Exercise prompt:
Repeat the span of the entries below that starts at the line with "Homoyoyo 9pcs Sheets" and ends at the line with "Wallpaper #OBlXAo8BtGB6xQ78sEpo17 Karol", nothing more. Skip the pictures.

Source information:
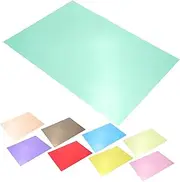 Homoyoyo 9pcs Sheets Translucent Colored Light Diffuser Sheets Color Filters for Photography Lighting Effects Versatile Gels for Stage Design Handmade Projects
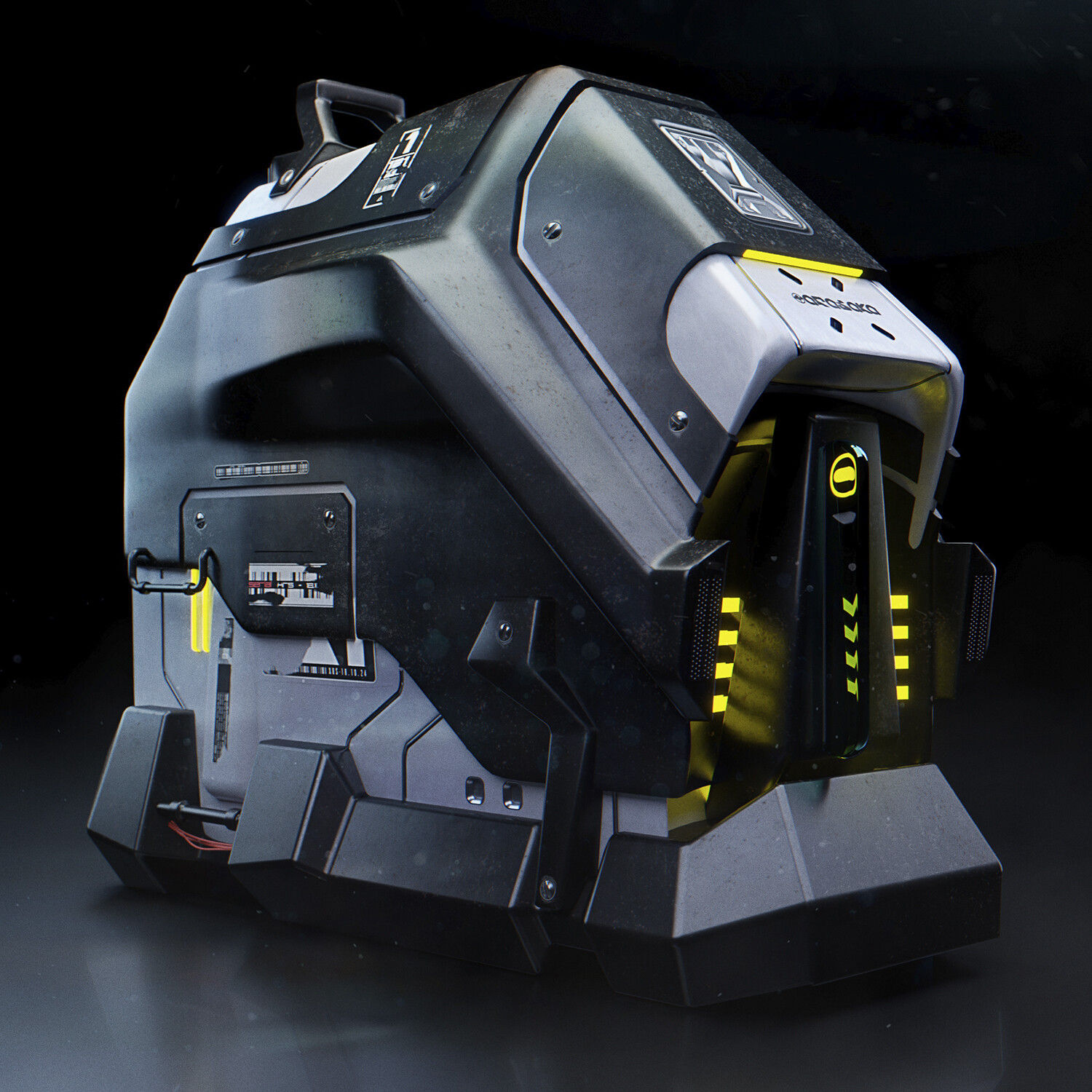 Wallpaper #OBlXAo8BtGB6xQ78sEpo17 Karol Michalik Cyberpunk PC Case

==

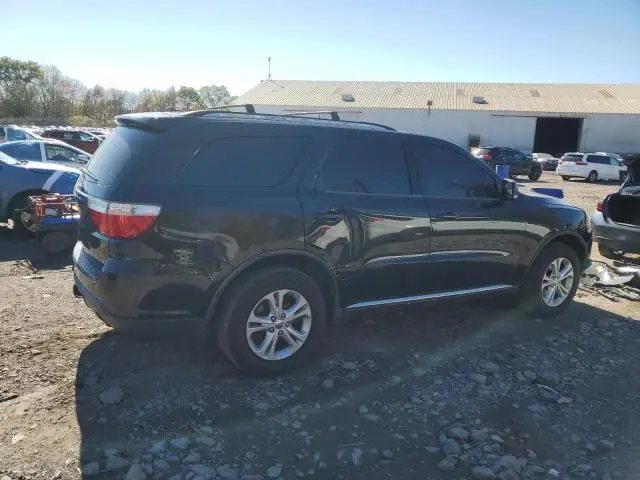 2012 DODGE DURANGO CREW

Output for this task:
 Homoyoyo 9pcs Sheets Translucent Colored Light Diffuser Sheets Color Filters for Photography Lighting Effects Versatile Gels for Stage Design Handmade Projects
 Wallpaper #OBlXAo8BtGB6xQ78sEpo17 Karol Michalik Cyberpunk PC Case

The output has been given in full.